By Gennady Fyodorov
SOCHI, Russia (Reuters) - While Moscow digs itself out of a huge snow storm that hit the Russian capital in the last few days, organizers of the Winter Olympics are worried a lack of white powder could become a problem next February.
Unseasonably warm temperatures this winter in Sochi have forced local organizers to store some 450,000 cubic meters of snow in the nearby Caucasus Mountains that surround this sub-tropical Black Sea resort.
"We've prepared seven separate areas for snow storage high up in the mountains," Sergei Bachin, general director of Roza Khutor, a ski resort in Krasnaya Polyana that will host Alpine skiing, snowboarding and freestyle Olympic competition, told Reuters.

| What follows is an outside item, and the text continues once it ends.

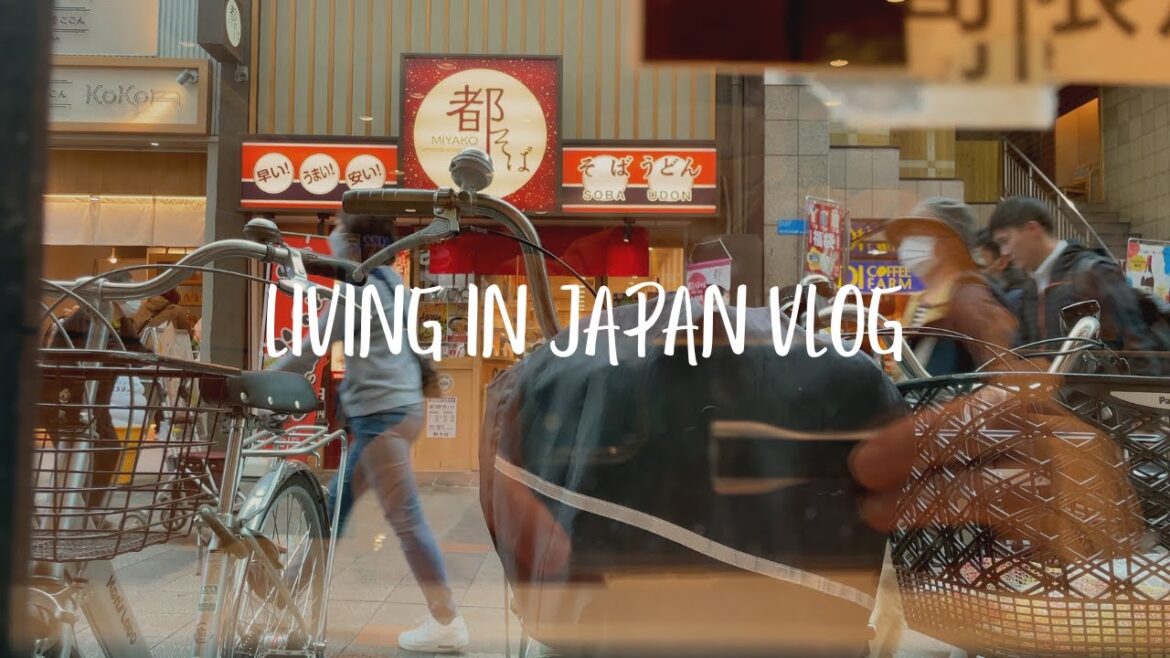 Living in Japan I VLOG I Picnic in Osaka I Doctor check up I Buying Christmas tree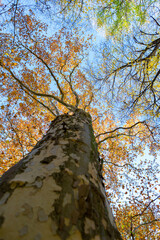 Upward Gaze Through Autumn Plane Tree Canopy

"I want to assure all the competitors that there won't be any shortage of snow next February even if we encounter even warmer temperatures next year," he said.
"We're storing such huge amounts of snow just in case."

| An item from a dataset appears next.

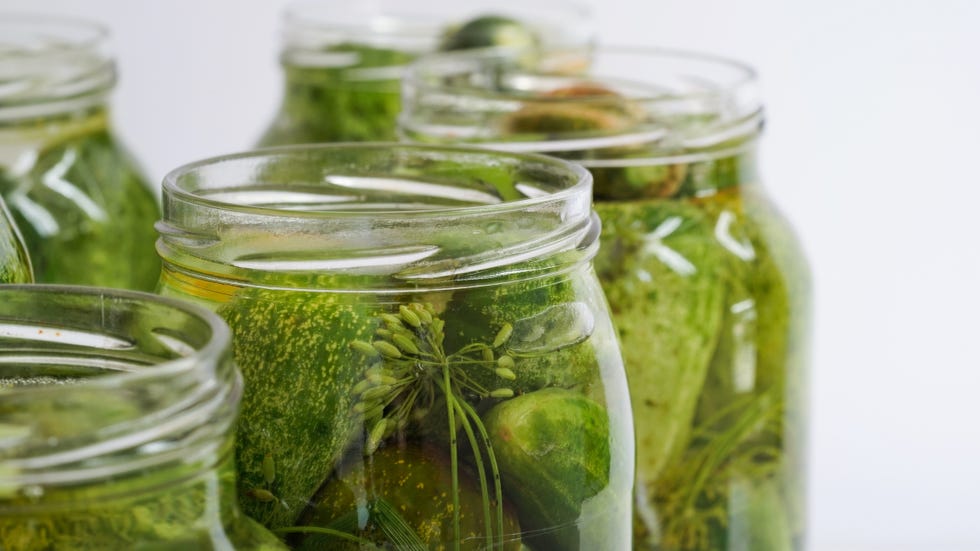 close up glass jars filled with fresh cucumbers,dill,garlic and black pepper and poured with brine white backgroundcanning,pickling fermenting vegetableshomemade pickling cucumber recipescopy space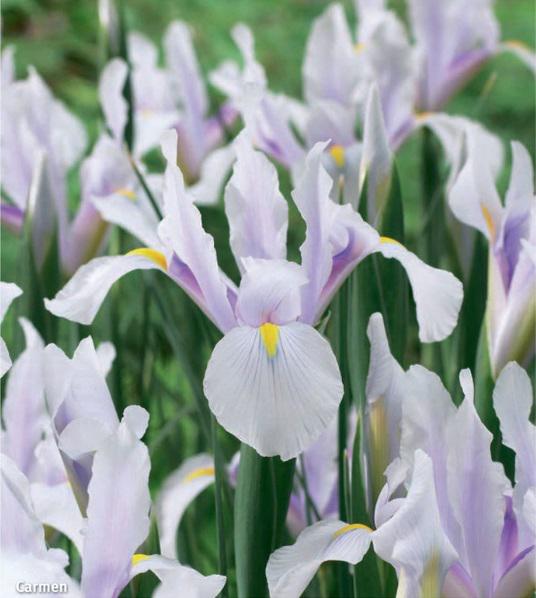 Iris Hollandica Carmen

The snow will be covered with a "special thermo seal", to protect it from melting during the summer, Bachin said.
"We expect that about 140,000 (cubic meters) will melt away but we'll still have more than 300,000 cubic meters of snow available for next year," he predicted, saying the storage will cost his company an extra $11 million.
Nevertheless, Sochi 2014 chief Dmitry Chernyshenko has stated on several occasions that the weather has become a bigger problem for the organizers, who are frantically trying to finish all the construction projects on time, than security or the infrastructure.

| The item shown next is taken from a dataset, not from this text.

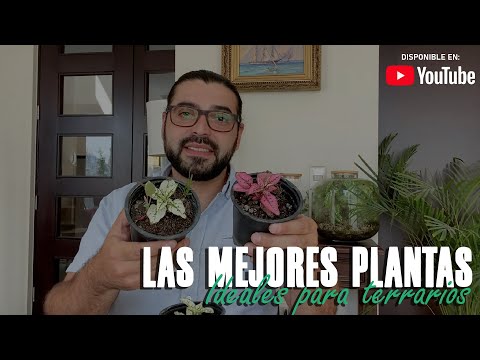 , title : 'Las 5 plantas ideales para armar terrarios 🌱 | Terrarios Caseros 🌱 | Jorge Lanza'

Bachin, however, assured that Krasnaya Polyana, once a sleepy mountain village, about 70 kilometers from central Sochi, would be ready to host all the outdoor Olympic events next February rain or shine.
"Of the 76 Olympic test events scheduled in Krasnaya Polyana this winter a great majority had been completed and only a handful have been called off because of bad weather," he said.
"I think we've passed the test as the last major event of the season was held this weekend in nearby Laura complex."
Usually, Krasnaya Polyana has the opposite problem - too much snow and the risk of avalanches, Bachin said.
"This was a very odd winter. Even locals don't remember when was the last time they had such warm days in the mountains. It's highly unlikely we'll see the same kind of weather next year," he added.